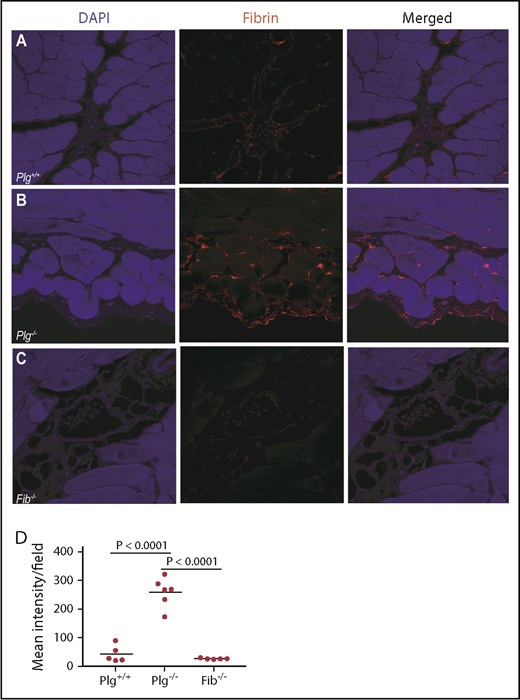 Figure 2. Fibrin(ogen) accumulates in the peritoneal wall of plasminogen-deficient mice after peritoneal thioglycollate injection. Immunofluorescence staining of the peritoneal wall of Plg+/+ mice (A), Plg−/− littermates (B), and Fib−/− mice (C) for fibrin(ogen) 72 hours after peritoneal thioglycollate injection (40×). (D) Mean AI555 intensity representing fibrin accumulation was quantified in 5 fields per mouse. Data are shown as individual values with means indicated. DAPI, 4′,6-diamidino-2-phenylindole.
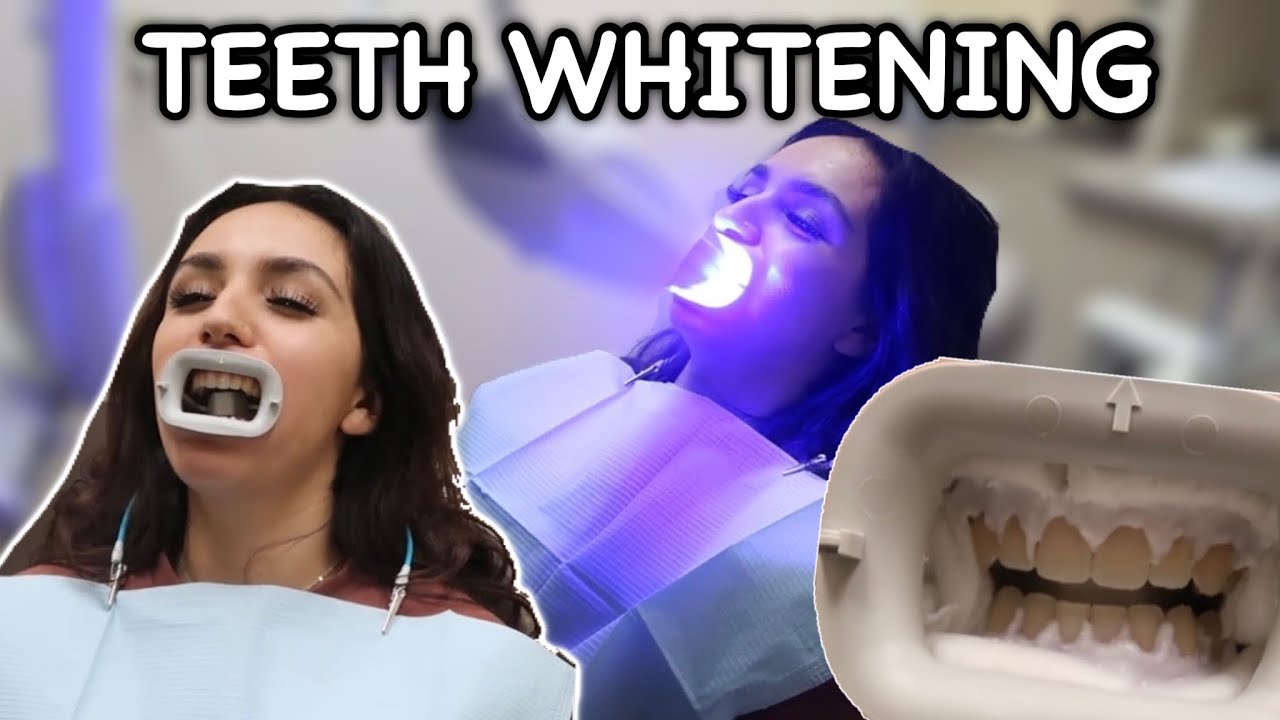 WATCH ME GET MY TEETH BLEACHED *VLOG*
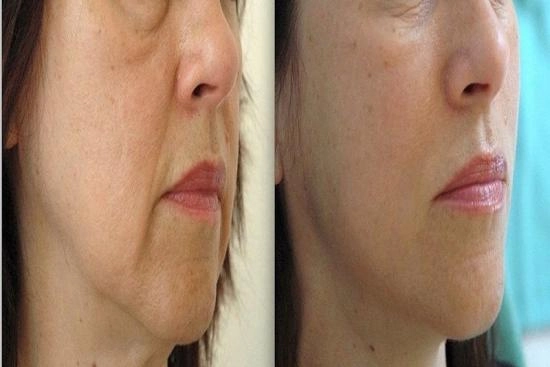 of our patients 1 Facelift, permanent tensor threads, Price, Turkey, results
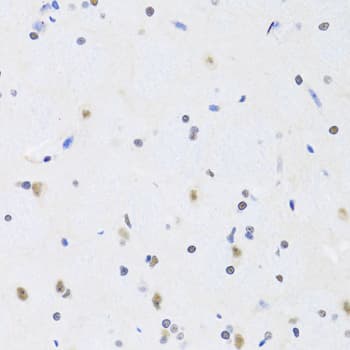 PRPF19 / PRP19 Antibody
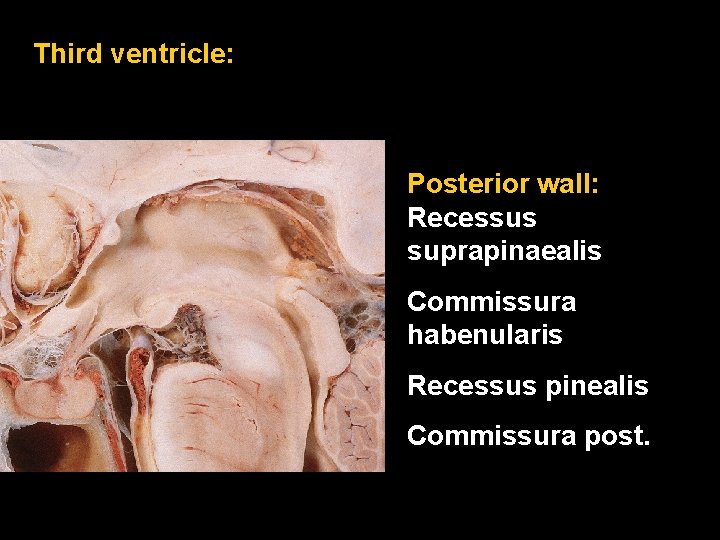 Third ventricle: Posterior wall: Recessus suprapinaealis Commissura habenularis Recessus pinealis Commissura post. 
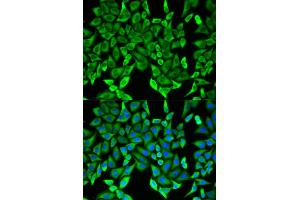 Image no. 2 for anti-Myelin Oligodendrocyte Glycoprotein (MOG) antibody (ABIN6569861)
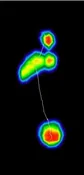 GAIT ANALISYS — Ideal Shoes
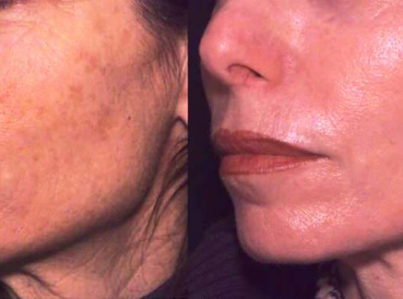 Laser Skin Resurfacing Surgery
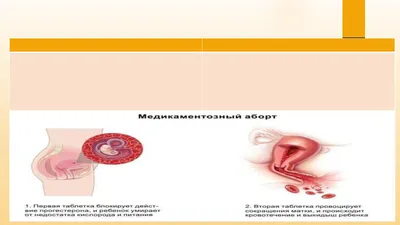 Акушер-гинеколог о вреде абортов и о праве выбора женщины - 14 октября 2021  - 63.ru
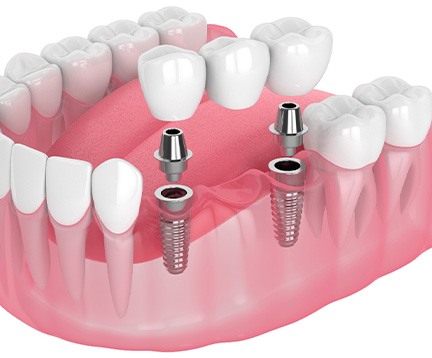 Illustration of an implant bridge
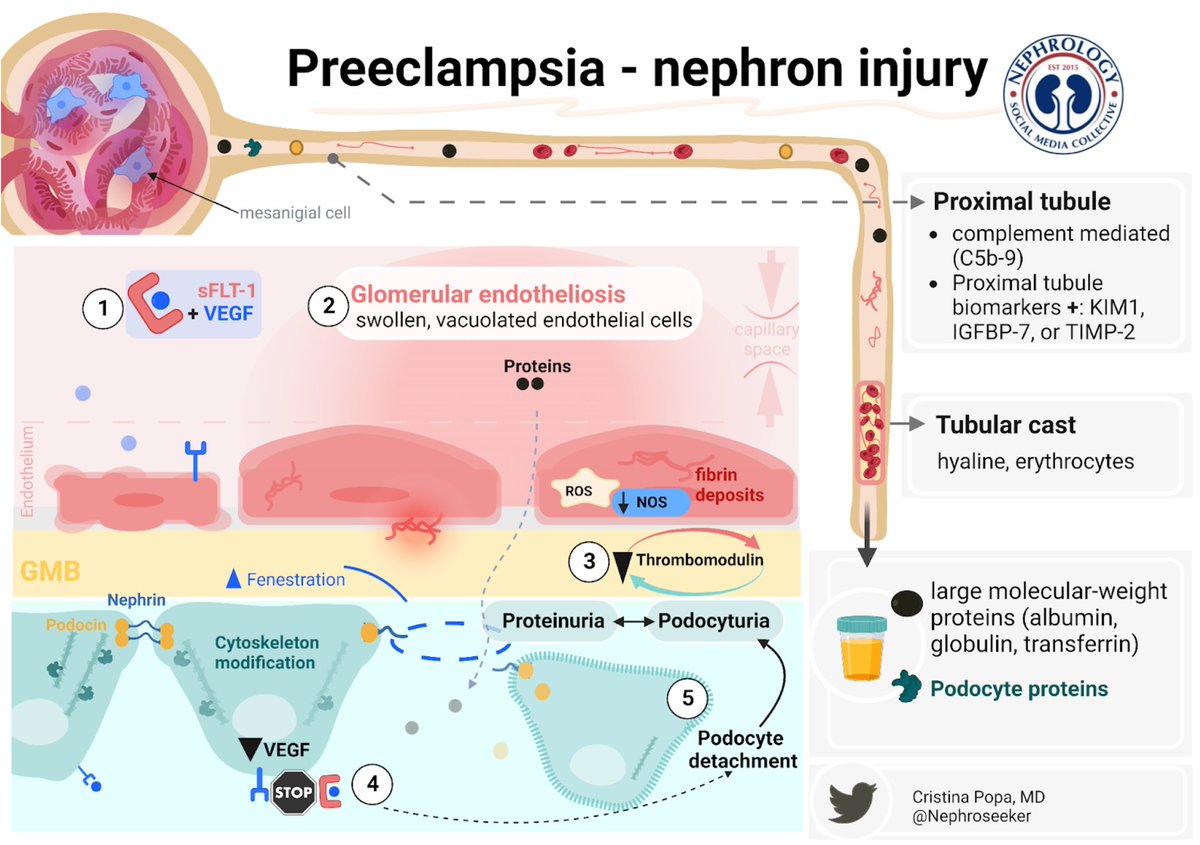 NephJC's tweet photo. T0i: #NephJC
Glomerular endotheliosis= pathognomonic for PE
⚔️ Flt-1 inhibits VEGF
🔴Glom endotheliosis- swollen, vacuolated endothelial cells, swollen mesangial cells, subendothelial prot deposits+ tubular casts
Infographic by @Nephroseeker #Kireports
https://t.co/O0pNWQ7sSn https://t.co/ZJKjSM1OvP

########################################

Number of lines holding "endotheliosis" in the data: give it, with nothing else.

2